Without the images, set down each entry exactly.

Items from a data source.
+-------+
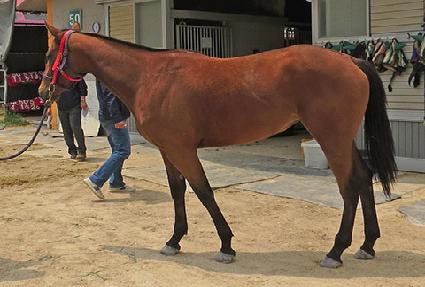 �ƴ㽺���� ����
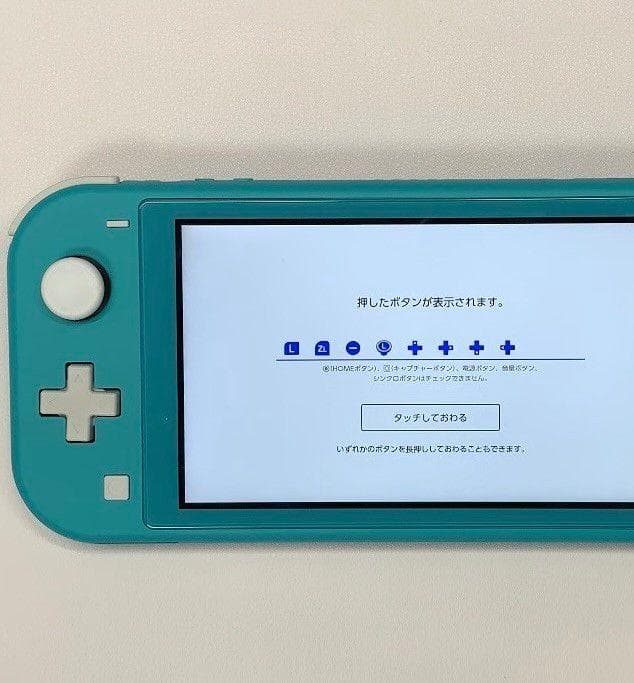 Nintendo Switch Lite 本体 動作品 2019 おまけ付き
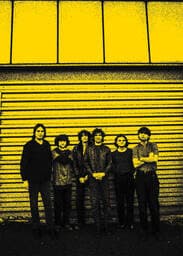 Stuffed Foxes en concierto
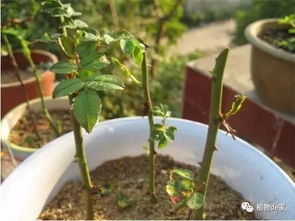 让你的花卉快速生根的扦插小窍门,还发愁养不活 时尚频道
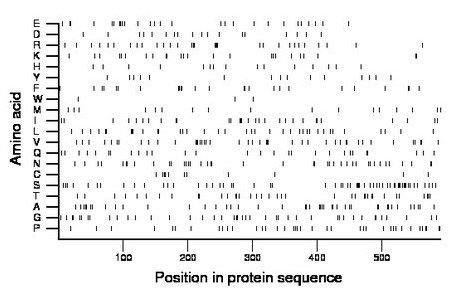 amino acid map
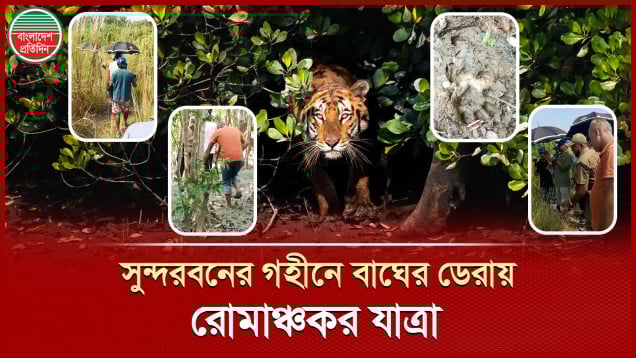সুন্দরবনের গহীনে বাঘের খোঁজে পায়ের ছাপ অনুসরণ করে রোমাঞ্চকর যাত্রা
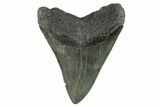 Fossil Megalodon Tooth - South Carolina #265050-1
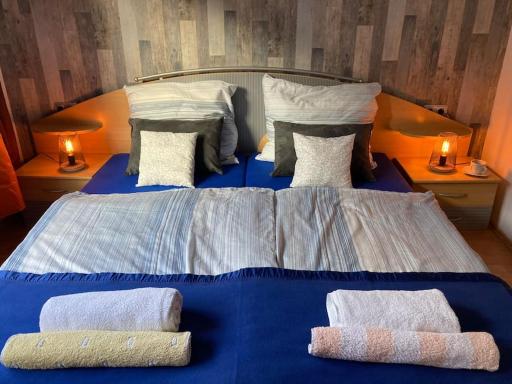 TOLL Apartment am Rhein NETFLIX Internet 1000 Mbits, free parking - Housity
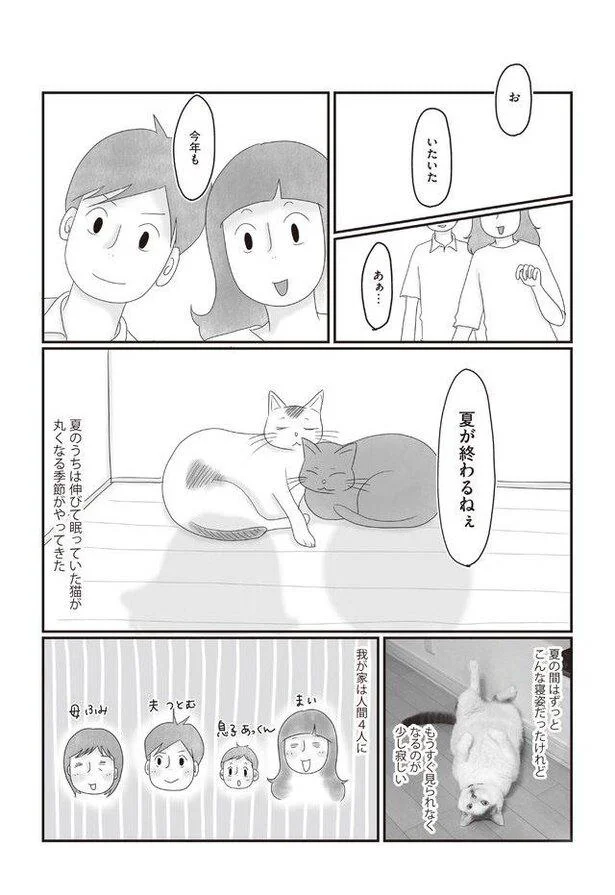 我が家は人間4人に猫4匹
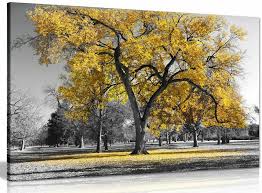 Large Tree Yellow Leaves Black White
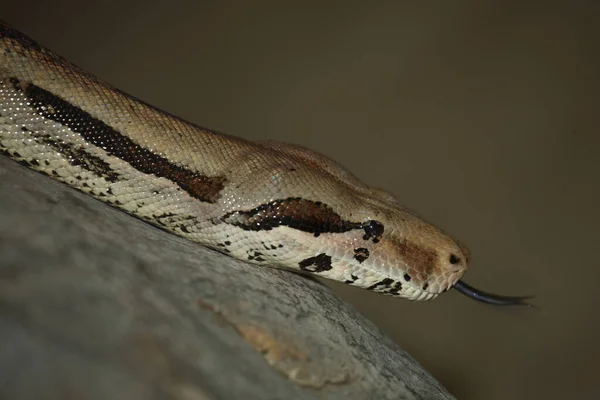 Dunkler Tigerpython Pitone Birmano Python Molurus Bivittatus — Foto Stock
+-------+
Response for this exercise.
 �ƴ㽺���� ����
 Nintendo Switch Lite 本体 動作品 2019 おまけ付き
 Stuffed Foxes en concierto
 让你的花卉快速生根的扦插小窍门,还发愁养不活 时尚频道
 amino acid map
সুন্দরবনের গহীনে বাঘের খোঁজে পায়ের ছাপ অনুসরণ করে রোমাঞ্চকর যাত্রা
 Fossil Megalodon Tooth - South Carolina #265050-1
 TOLL Apartment am Rhein NETFLIX Internet 1000 Mbits, free parking - Housity
 我が家は人間4人に猫4匹
 Large Tree Yellow Leaves Black White
 Dunkler Tigerpython Pitone Birmano Python Molurus Bivittatus — Foto Stock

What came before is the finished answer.